§ **Description of the task**
The records below must be written out exactly, with every picture left behind.

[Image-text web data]

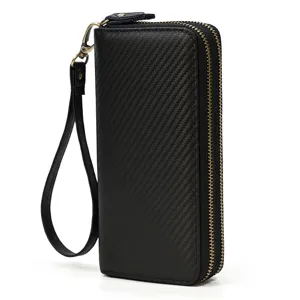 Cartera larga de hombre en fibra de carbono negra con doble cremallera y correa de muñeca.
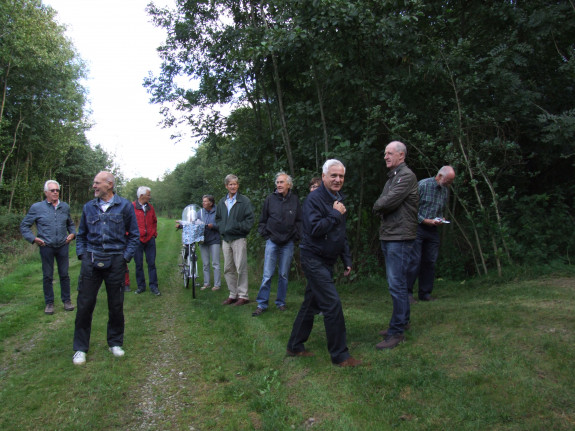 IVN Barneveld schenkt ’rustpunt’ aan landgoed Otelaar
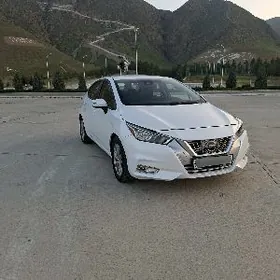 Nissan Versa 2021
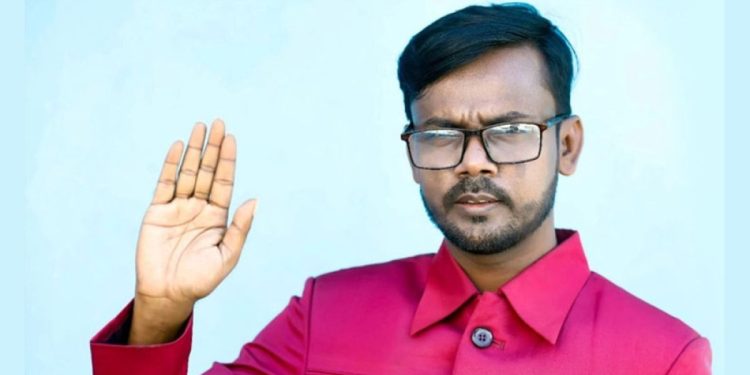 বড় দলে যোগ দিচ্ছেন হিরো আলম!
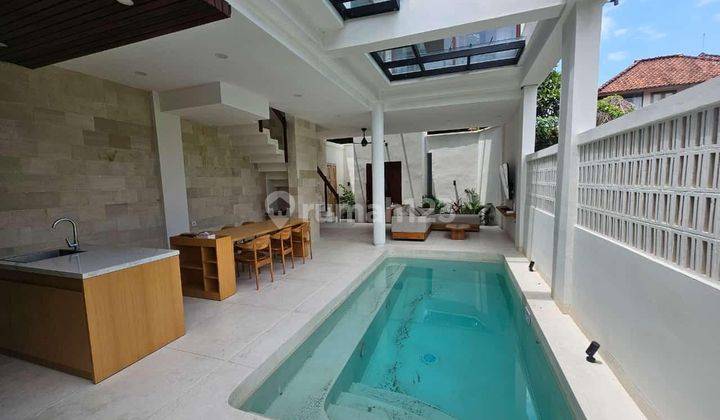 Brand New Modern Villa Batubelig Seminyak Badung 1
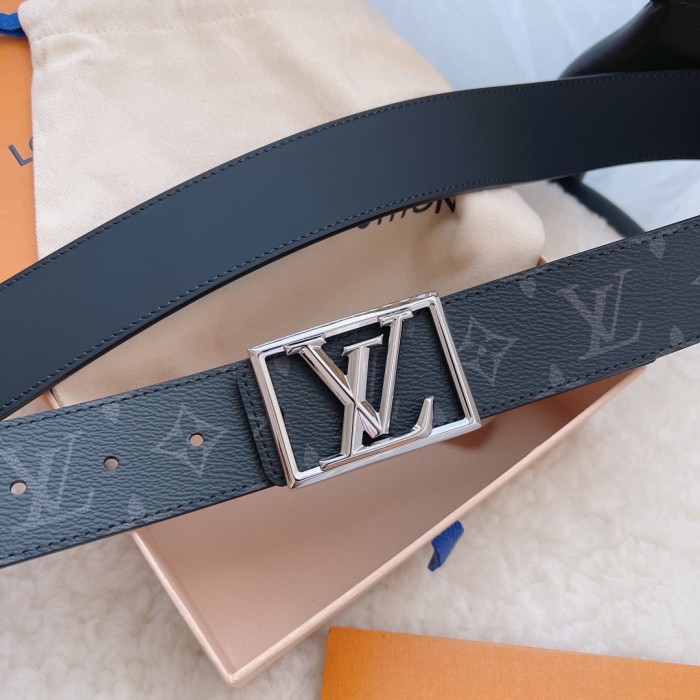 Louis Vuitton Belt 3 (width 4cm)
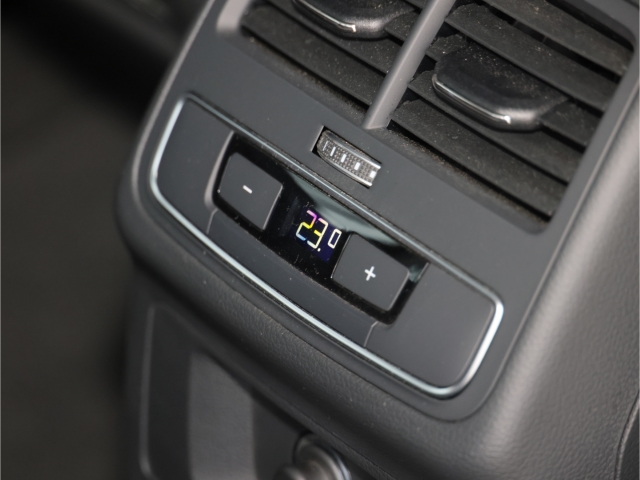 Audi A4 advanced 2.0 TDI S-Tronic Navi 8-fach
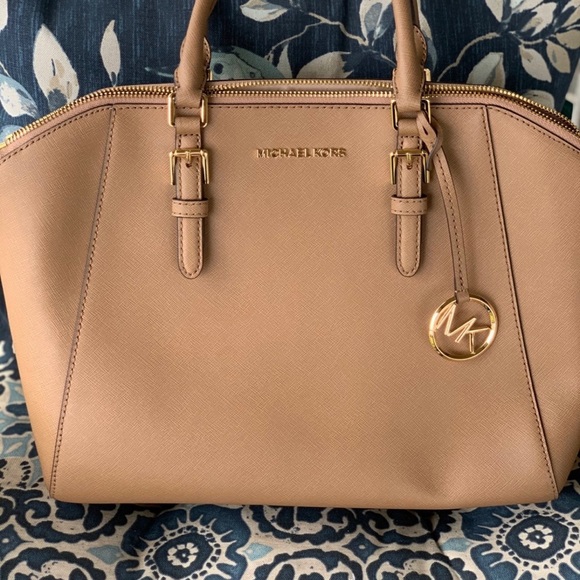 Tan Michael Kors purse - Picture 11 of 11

§ **Answer section**
 Cartera larga de hombre en fibra de carbono negra con doble cremallera y correa de muñeca.
 IVN Barneveld schenkt ’rustpunt’ aan landgoed Otelaar
 Nissan Versa 2021
 বড় দলে যোগ দিচ্ছেন হিরো আলম!
 Brand New Modern Villa Batubelig Seminyak Badung 1
 Louis Vuitton Belt 3 (width 4cm)
 Audi A4 advanced 2.0 TDI S-Tronic Navi 8-fach
 Tan Michael Kors purse - Picture 11 of 11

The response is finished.